»»

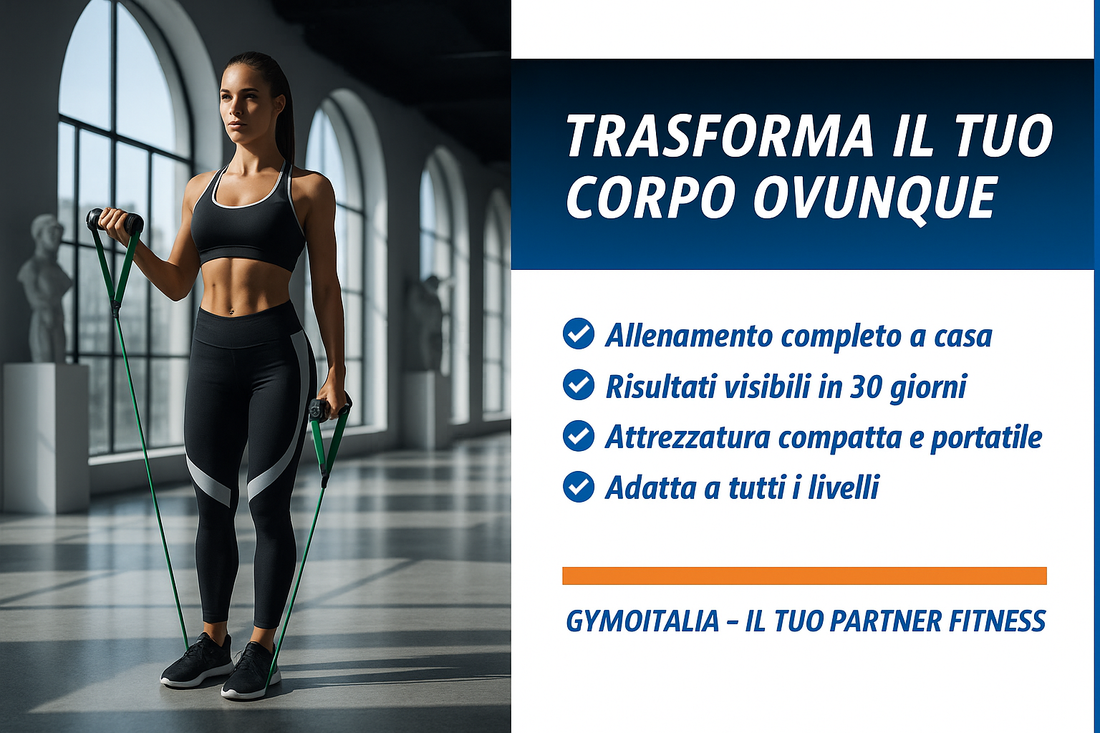 Mitici attrezzi fitness portatili che facilitano un workout motivazionale per allenamenti ovunque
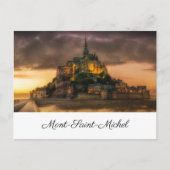 Mont-Saint-Michel-pinture Briefkaart (Voorkant)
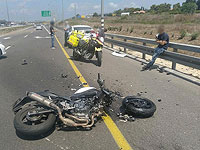 ДТП около Ашдода, тяжело травмирован мотоциклист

««

*Your task:*
What is needed here is each line above set down word for word, minus the images.

*Answer to the problem:*
 Mitici attrezzi fitness portatili che facilitano un workout motivazionale per allenamenti ovunque
 Mont-Saint-Michel-pinture Briefkaart (Voorkant)
 ДТП около Ашдода, тяжело травмирован мотоциклист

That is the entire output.